▶ _The task_
Where the line containing "baño con paredes" appears, begin retyping; continue exactly through the final line of the data. Omit every picture.
★ ★ ★
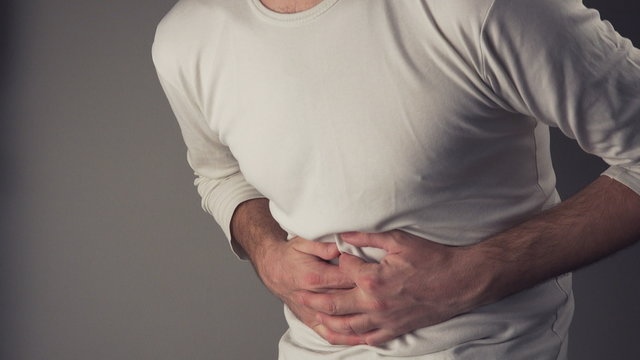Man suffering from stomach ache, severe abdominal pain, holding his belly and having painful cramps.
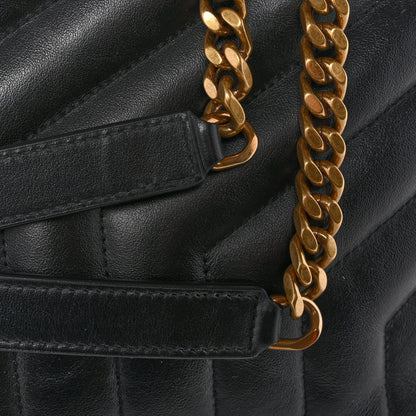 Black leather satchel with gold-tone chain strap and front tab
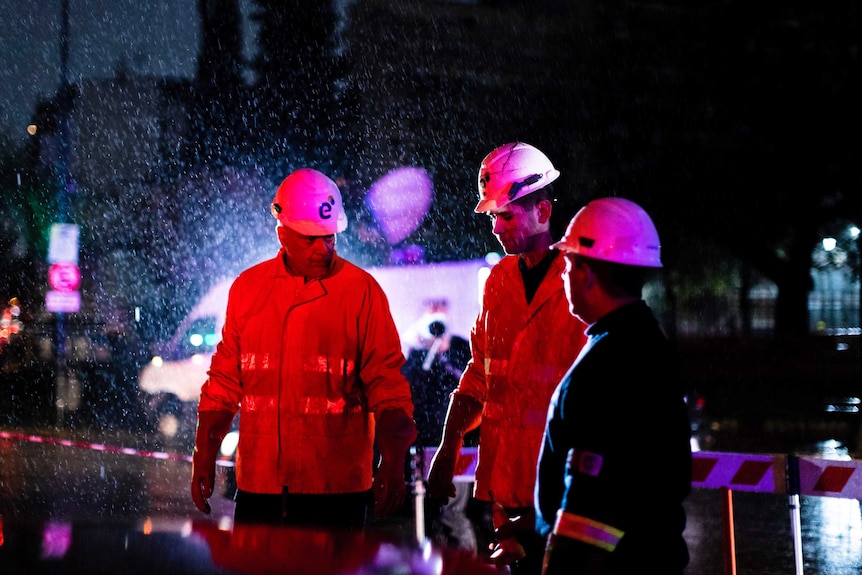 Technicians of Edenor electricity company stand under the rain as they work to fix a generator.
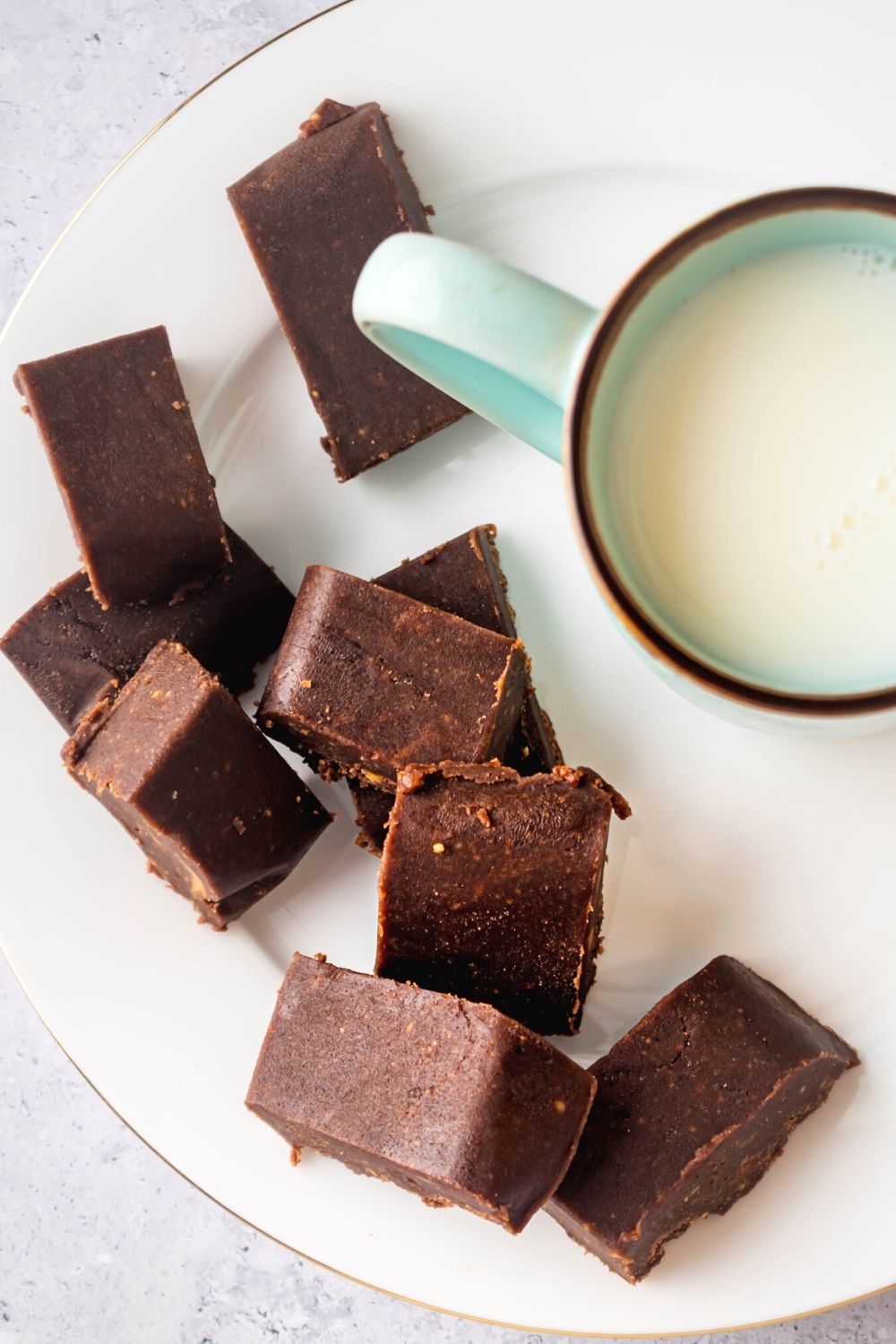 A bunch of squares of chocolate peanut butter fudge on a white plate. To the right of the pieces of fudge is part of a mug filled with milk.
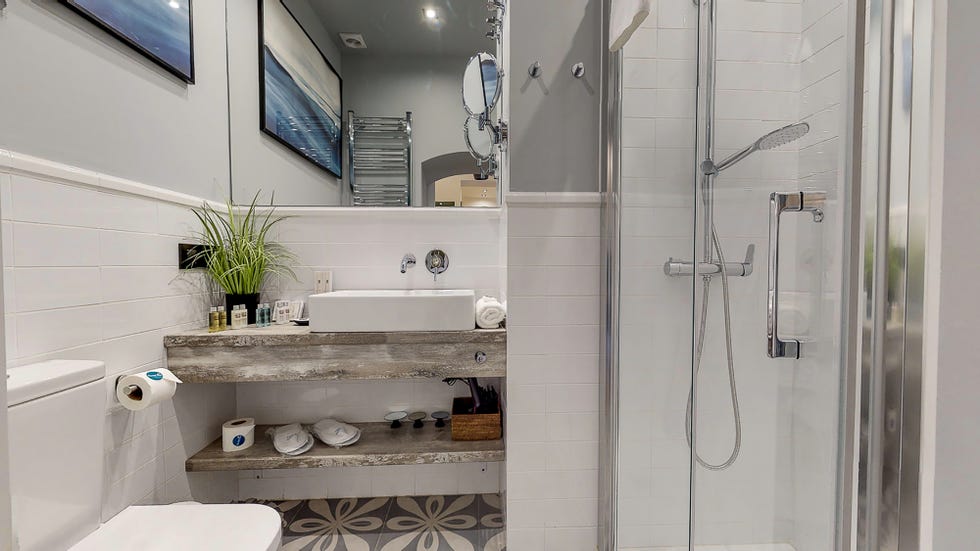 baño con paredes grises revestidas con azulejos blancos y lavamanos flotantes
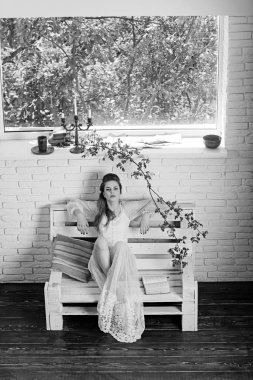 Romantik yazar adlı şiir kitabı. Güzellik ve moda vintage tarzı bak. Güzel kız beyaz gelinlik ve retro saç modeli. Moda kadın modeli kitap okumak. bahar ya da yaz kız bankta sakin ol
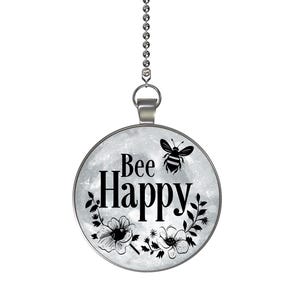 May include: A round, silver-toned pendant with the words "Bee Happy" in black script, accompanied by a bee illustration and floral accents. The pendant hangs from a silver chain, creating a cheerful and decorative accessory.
★ ★ ★
▶ _Your response_
 baño con paredes grises revestidas con azulejos blancos y lavamanos flotantes
 Romantik yazar adlı şiir kitabı. Güzellik ve moda vintage tarzı bak. Güzel kız beyaz gelinlik ve retro saç modeli. Moda kadın modeli kitap okumak. bahar ya da yaz kız bankta sakin ol
 May include: A round, silver-toned pendant with the words "Bee Happy" in black script, accompanied by a bee illustration and floral accents. The pendant hangs from a silver chain, creating a cheerful and decorative accessory.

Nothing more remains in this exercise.